Activity: Copy the lines below exactly, starting with the first and finishing with the one holding "Discord Bot Engine screenshot 9"; do not copy the pictures.

** Information follows **

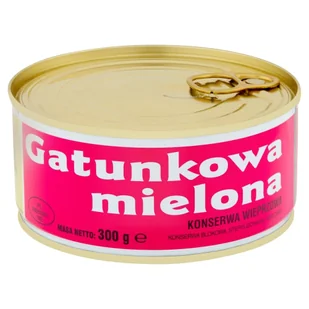 Mazury Ełk Konserwa wieprzowa gatunkowa mielona 300 g - Pasztet i przetwory mięsne - miniaturka - grafika 1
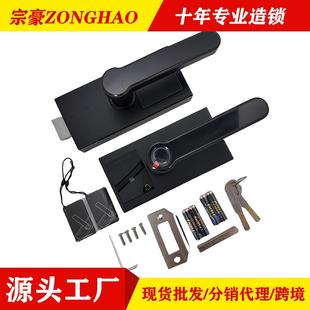 通通智能锁办公室密码锁卧室家用房间门锁防盗电子木门指纹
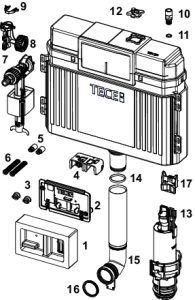 SPŁUCZKA PODTYNKOWA TECE BASE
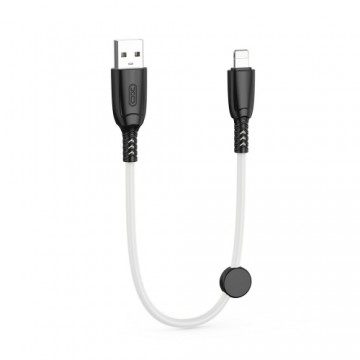 XO cable NB247 USB - Lightning 0,25 m 6A white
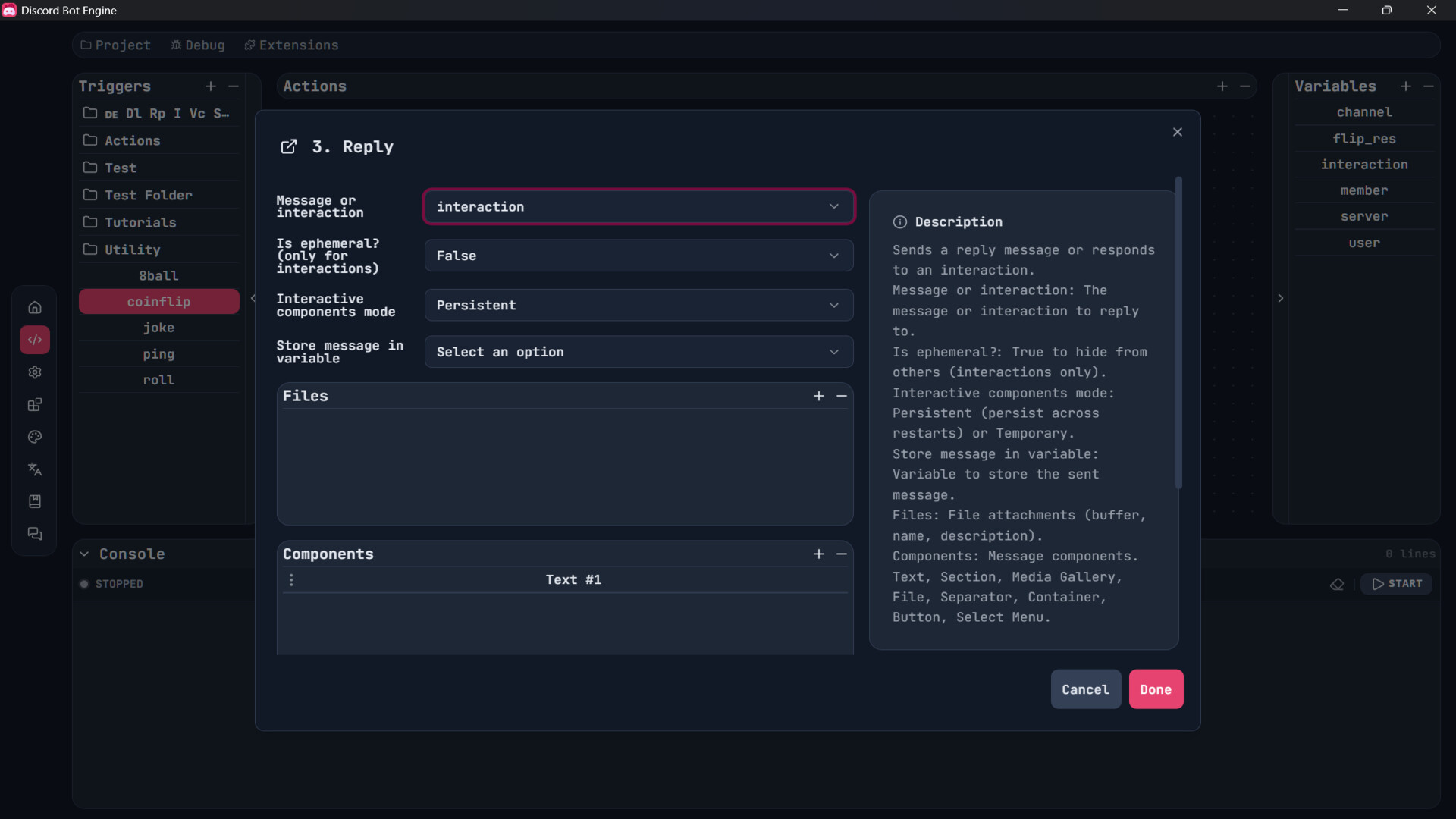 Discord Bot Engine screenshot 9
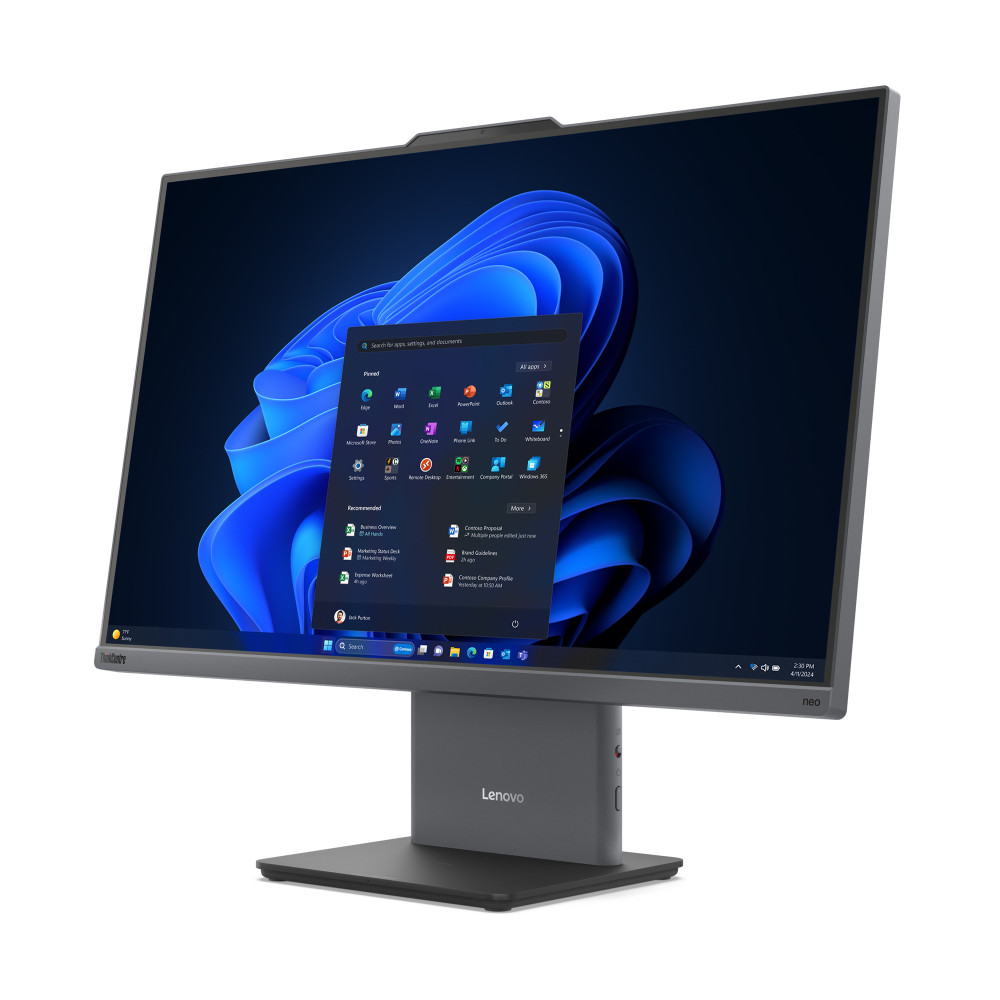 Lenovo ThinkCentre neo 50a 27 Gen 5 Intel Core 5 210H 68,6 cm (27") 1920 x 1080 pixels Écran tactile PC All-in-One 16 Go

** End of Information **

Result:
 Mazury Ełk Konserwa wieprzowa gatunkowa mielona 300 g - Pasztet i przetwory mięsne - miniaturka - grafika 1
 通通智能锁办公室密码锁卧室家用房间门锁防盗电子木门指纹
 SPŁUCZKA PODTYNKOWA TECE BASE
 XO cable NB247 USB - Lightning 0,25 m 6A white
 Discord Bot Engine screenshot 9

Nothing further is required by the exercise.